- _YOUR OBJECTIVE_
Please give all of the data again, character for character, and drop the pictures.

Scraped caption text data

-.-.-

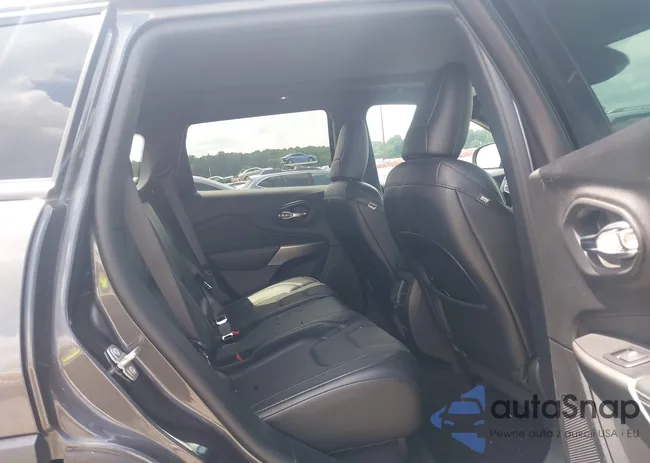 1C4PJMMN5MD160740: 42707577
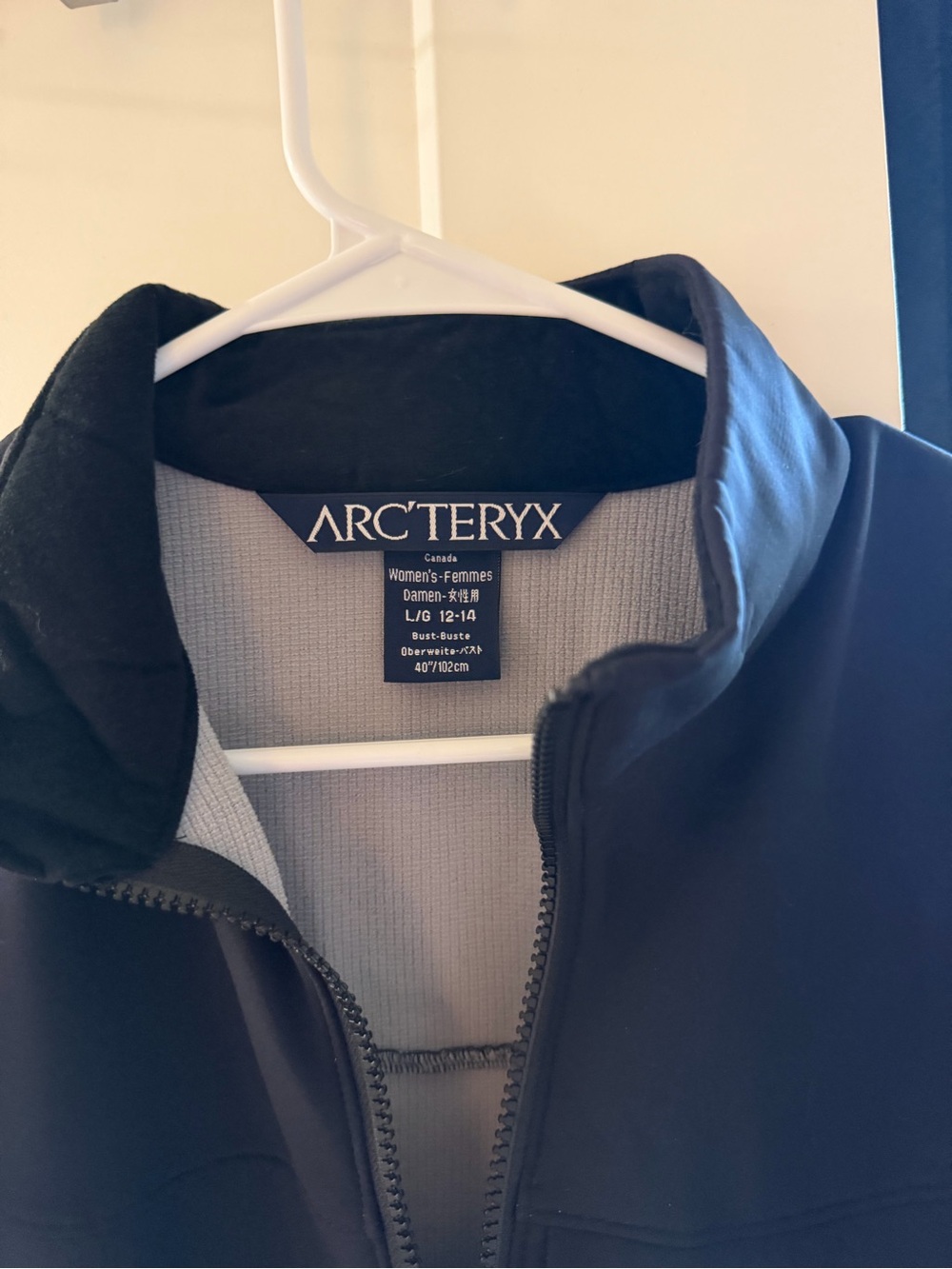 Arc'teryx wmn's softshell sz 12-14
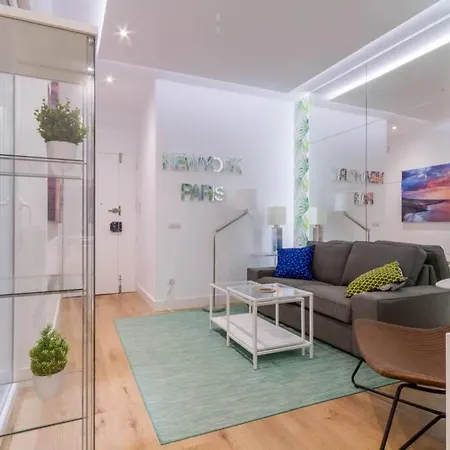 Encantador Apartamento Con Patio En La Latina By Batuecas *
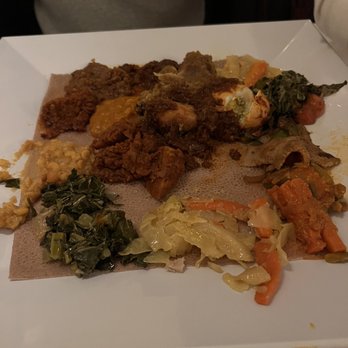 Das Ethiopian - Das Vegetarian Entree Samplerwith beef Das Chicken and Beef Combination Sampler combined - Ethiopian Near Me - Washington, DC, District of Columbia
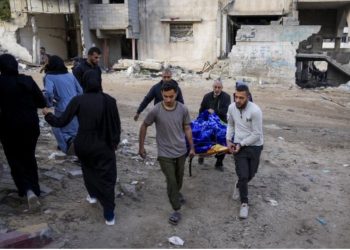 Ushtria izraelite pranon sulmin “e fshehur”: Kemi goditur gabimisht zonën al-Mawasi të Gazës, artileria devijoi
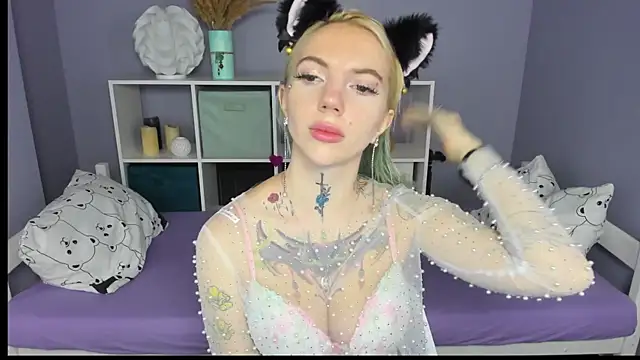 Snapshot of AnneTenet chatting on 02-07-25, 07:07 AnneTenet online show from 02-07-25, 07:07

-.-.-

- _SOLUTION BELOW_
 1C4PJMMN5MD160740: 42707577
 Arc'teryx wmn's softshell sz 12-14
 Encantador Apartamento Con Patio En La Latina By Batuecas *
 Das Ethiopian - Das Vegetarian Entree Samplerwith beef Das Chicken and Beef Combination Sampler combined - Ethiopian Near Me - Washington, DC, District of Columbia
 Ushtria izraelite pranon sulmin “e fshehur”: Kemi goditur gabimisht zonën al-Mawasi të Gazës, artileria devijoi
 Snapshot of AnneTenet chatting on 02-07-25, 07:07 AnneTenet online show from 02-07-25, 07:07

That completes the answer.